EDITOR’S NOTE: This article appears in the September 13, 2004, issue of National Review (the Kerry issue!).
“Is there any way,” we were once asked by a studio executive after he had read our latest script, “that you could show the main character doing something incredibly heroic and totally saving the day in a simple one-page scene we can slap on the top?”
We shook our heads.
“C’mon, guys,” the exec said, “a simple one-pager.
Boom, he does something heroic, everybody loves the guy, boom, back into the story.”

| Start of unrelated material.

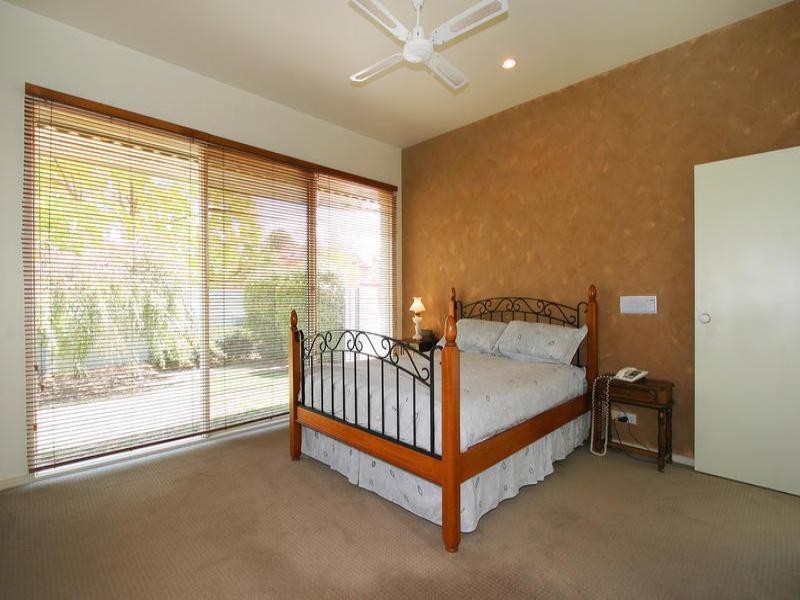 19 Higgins Close, Dingley Village VIC 3172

We explained again that this was really impossible. It would seem fake, tacked on, and in the end wouldn’t convince the audience that this guy was heroic in the least. And besides, this was a romantic comedy. It really wouldn’t fit with the general tone.
The executive was insistent. “I need to know why I’m supposed to love this guy!” he cried. “I’m not asking for much, here. Make it a flashback or something. You know, somewhere in the first act the guy’s walking around, suddenly he gets one of those–what do you call it–episodes, or whatever. He’s reliving when he ran into the burning orphanage or whatever–you guys will come up with something so much better–and when he snaps out of it, we’re all like, we love this guy. Love him. And after that, who cares what happens?”

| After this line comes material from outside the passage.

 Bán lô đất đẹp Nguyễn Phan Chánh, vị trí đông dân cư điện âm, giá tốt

I’m not sure where that executive is these days–he didn’t last long at the studio–but from the way things are going, I suspect he’s pretty high up in John Kerry’s campaign.
Watching Kerry move around the country, pumping the air with awkward jabs, trying to connect to people by occasionally droppin’ his g’s, it’s impossible not to imagine the minutes of a meeting of the Democratic party’s brain trust:
. . . Mr. McAuliffe reiterated the essence of the fall campaign: a simple one-pager, boom, we let everyone know he did something heroic, boom, they all love the guy, boom, he’s elected. Messrs. Ickes and Rattner concurred. Mr. Devine added that by slapping a simple one-pager at the top of the first act, everything else that follows will be of little importance. All present agreed, and congratulated themselves on finding a candidate with war experience to head the fall ticket. The meeting was adjourned. Respectfully submitted, John Podesta, Secretary.

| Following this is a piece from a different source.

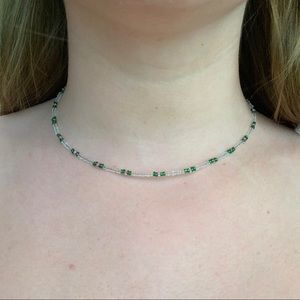 women’s glass bead necklace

Let’s assume, for the moment, that some portion of John Kerry’s Vietnam exploits actually unfolded the way he says they did. No, let’s be more generous: Let us stipulate that all of it happened just the way he describes. Whatever you say about the man after he returned from Vietnam–that he was a craven anti-war protester, an indifferent Massachusetts state electee, a nonentity senator–he went to Vietnam at a time when a lot of people his age didn’t, and didn’t have to. I missed being of draft age by roughly 20 years, but I’m pretty sure my response to receiving a draft notice would have been the same irrespective of my birth year: tears, a tantrum, and probably soiled under-things.